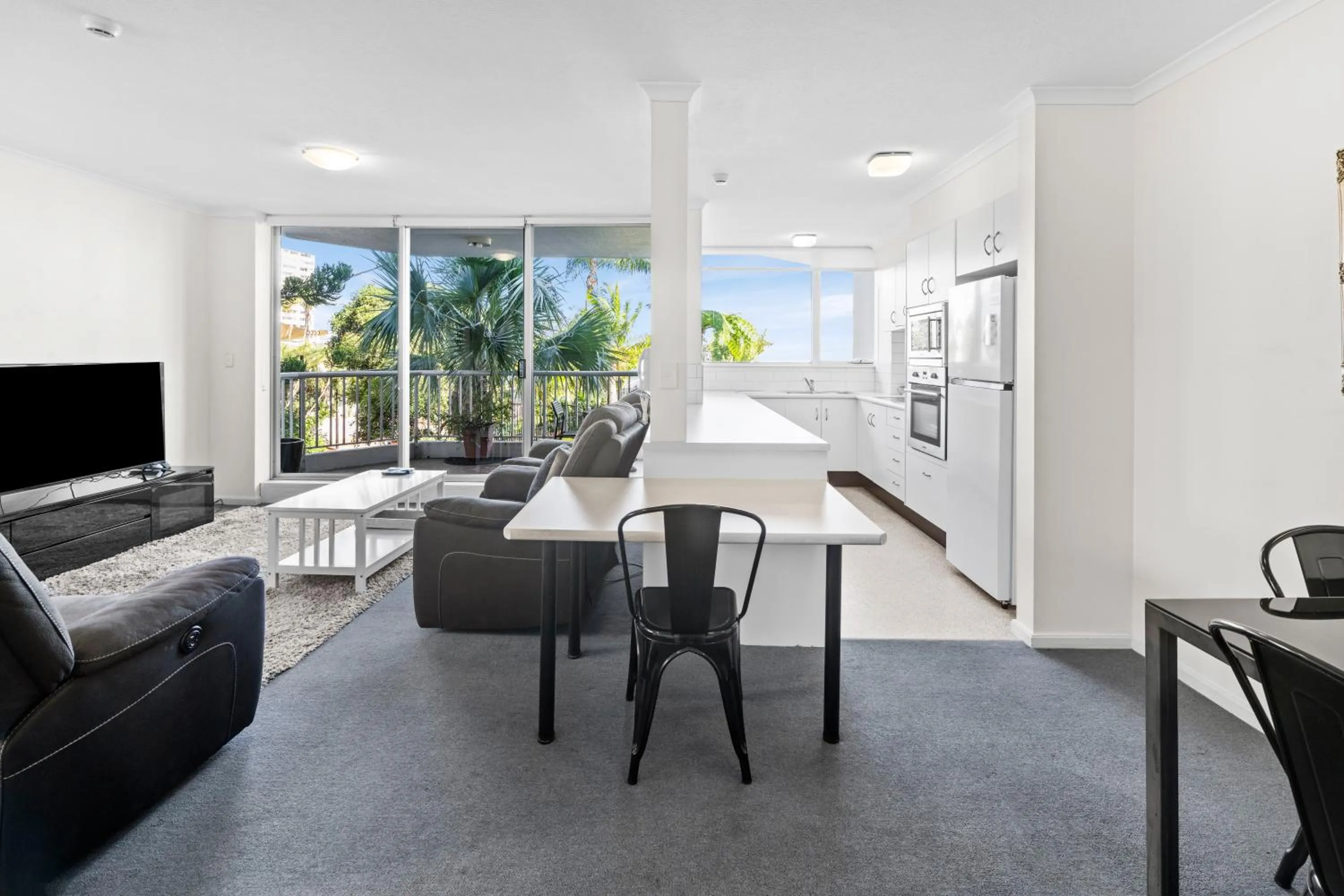 Living room in Moorings On Cavill Surfers Paradise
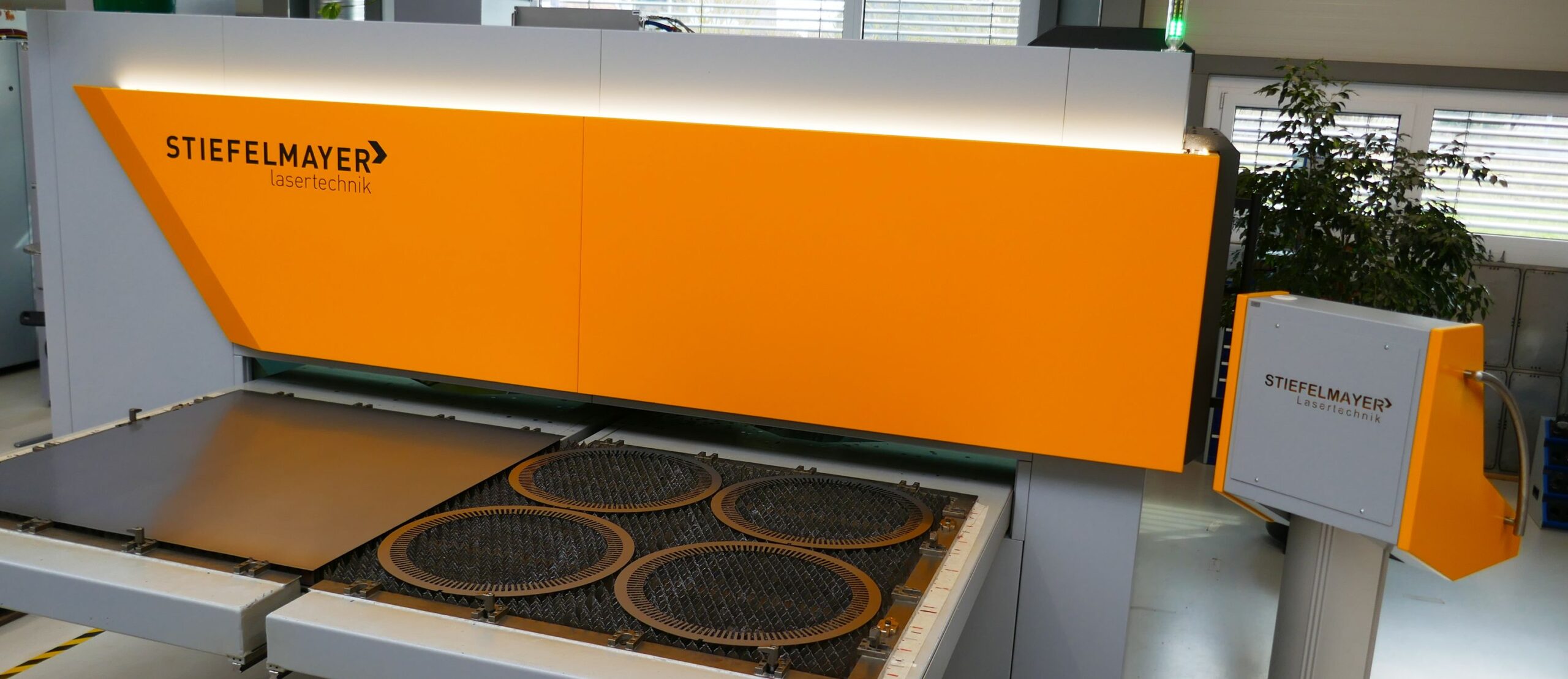 Laserschneidmaschine Stiefelmayer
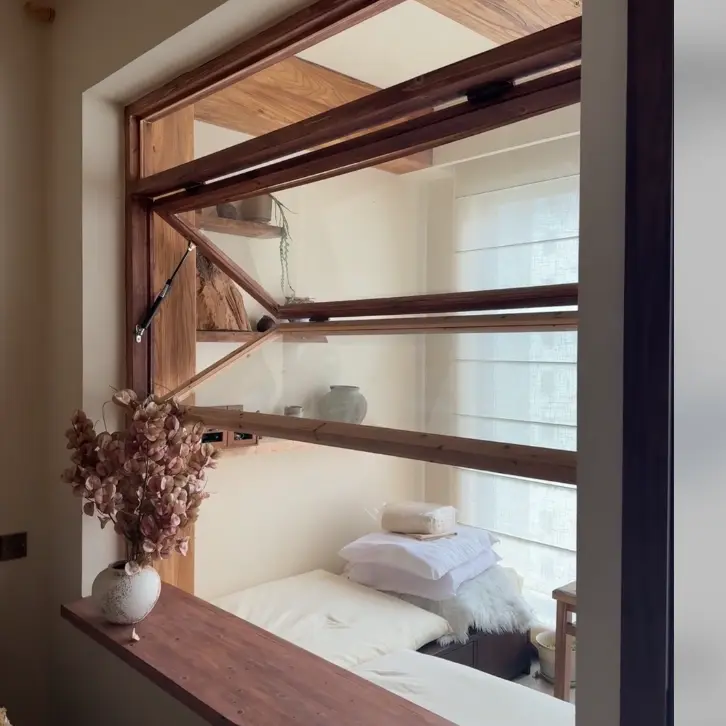 Alumiiniseoksesta saranoidut ikkunat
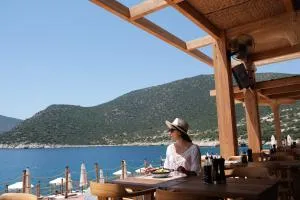 Lures Hotel & Beach Club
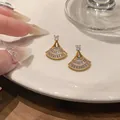 Dettaglio di orecchini a clip a ventaglio placcati in oro con zirconi scintillanti - Stile Perno in Argento / Oro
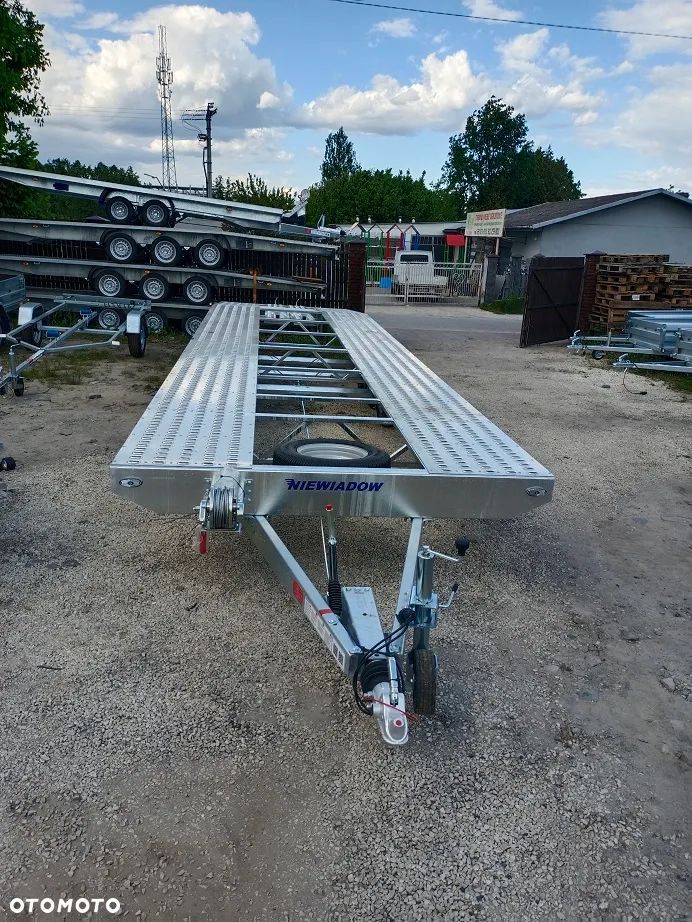 Niewiadów Indiana 8,5 m, pod 2 auta - 5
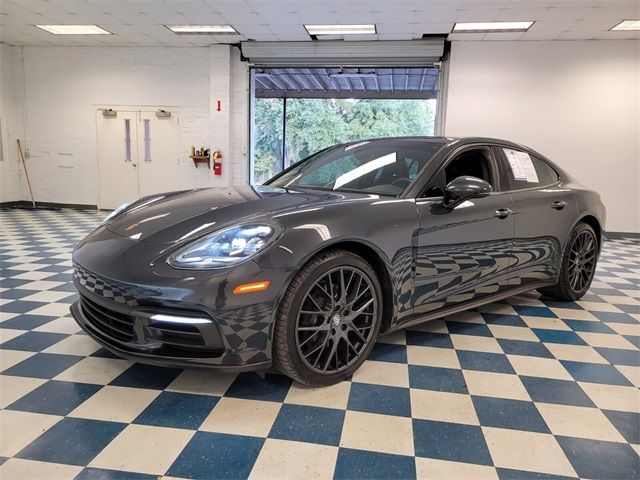 2017 Porsche Panamera 4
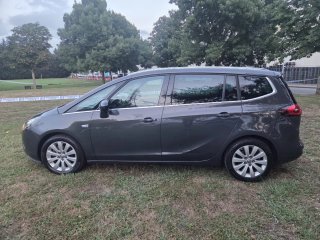 Opel zafira Excellent 2016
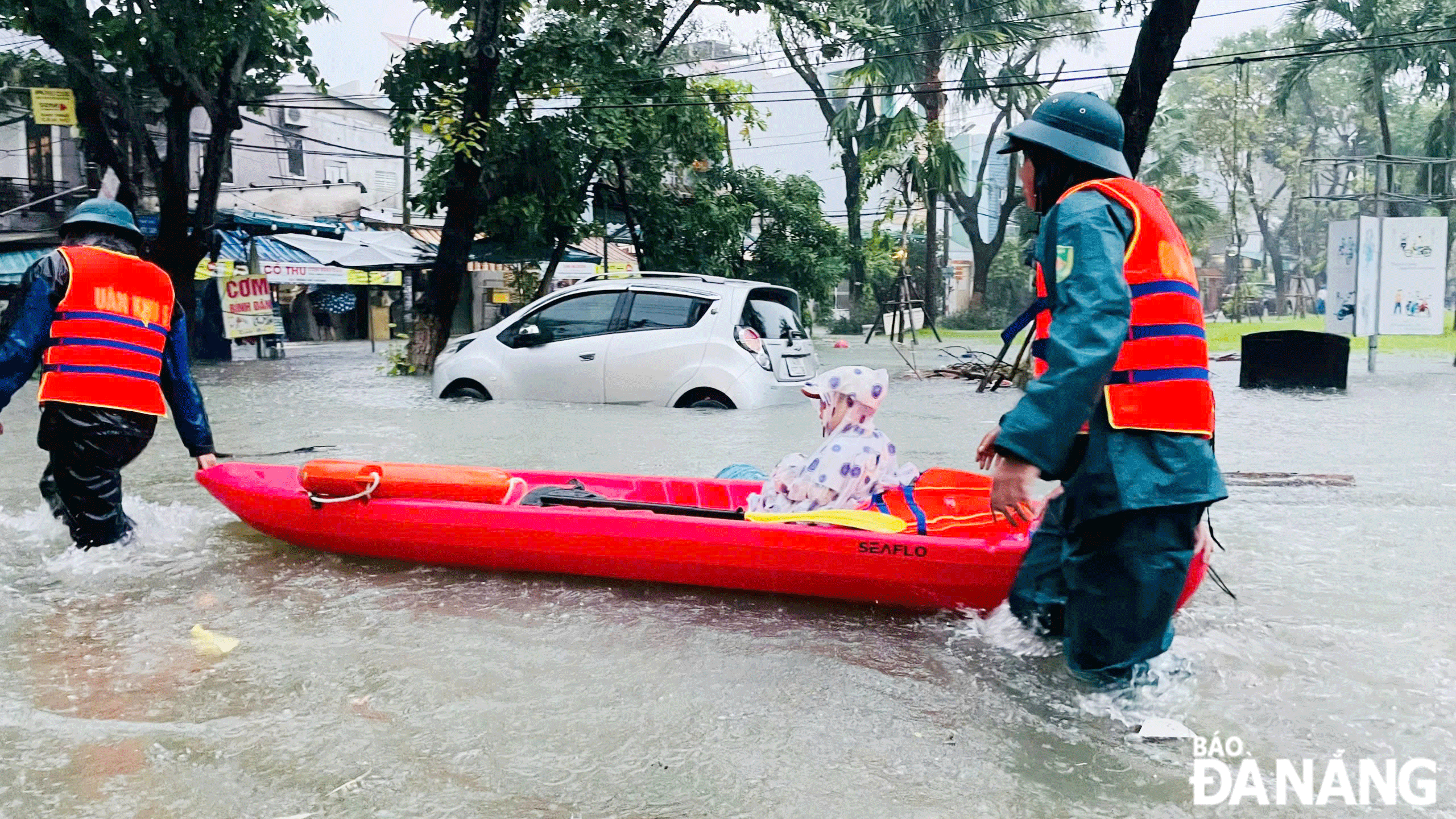 People were evacuated from the deeply flooded area along the sewer from Da Nang International Airport to Trung Nu Vuong Street during heavy rain on November 5, 2024. Photo: NAM TRAN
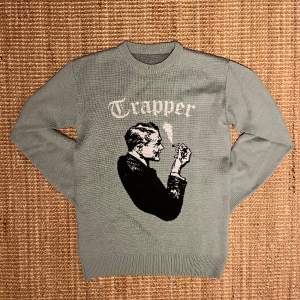 Made By Trappers Knitted Sweater i fint skick, säljer då jag vill köpa något annat, storlek S vilket motsvarar S-M, Kom DM för fler frågor 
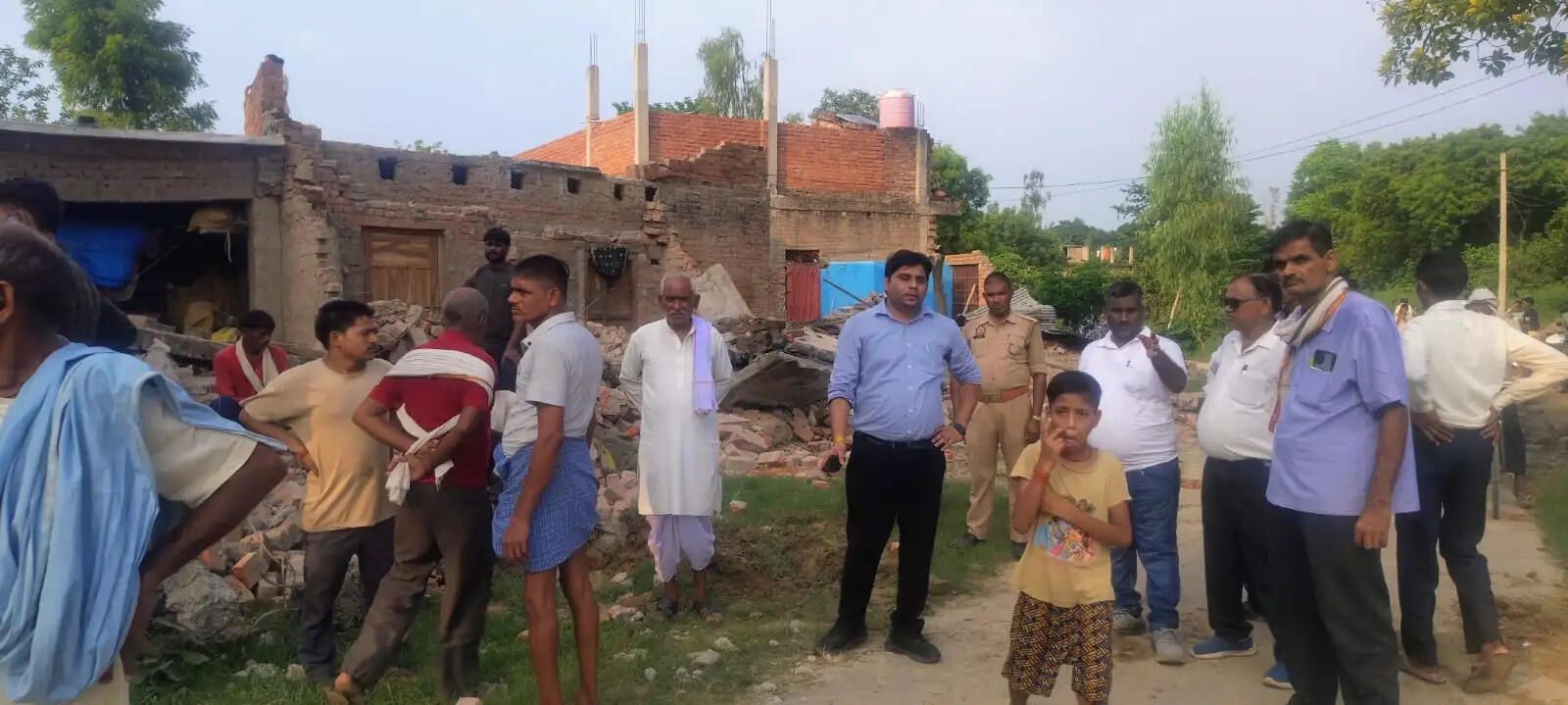 हाईकोर्ट के आदेश पर खलिहान और चकमार्ग की सुरक्षित भूमि से हटाया गया अवैध कब्जा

──────

-- About this exercise --
No pictures should appear in the answer, which is to be the lines from the line with "Niewiadów Indiana 8,5 m, pod 2 auta - 5" through the end of the records above, restated exactly.

-- Result for this task --
 Niewiadów Indiana 8,5 m, pod 2 auta - 5
 2017 Porsche Panamera 4
 Opel zafira Excellent 2016
 People were evacuated from the deeply flooded area along the sewer from Da Nang International Airport to Trung Nu Vuong Street during heavy rain on November 5, 2024. Photo: NAM TRAN
 Made By Trappers Knitted Sweater i fint skick, säljer då jag vill köpa något annat, storlek S vilket motsvarar S-M, Kom DM för fler frågor 
 हाईकोर्ट के आदेश पर खलिहान और चकमार्ग की सुरक्षित भूमि से हटाया गया अवैध कब्जा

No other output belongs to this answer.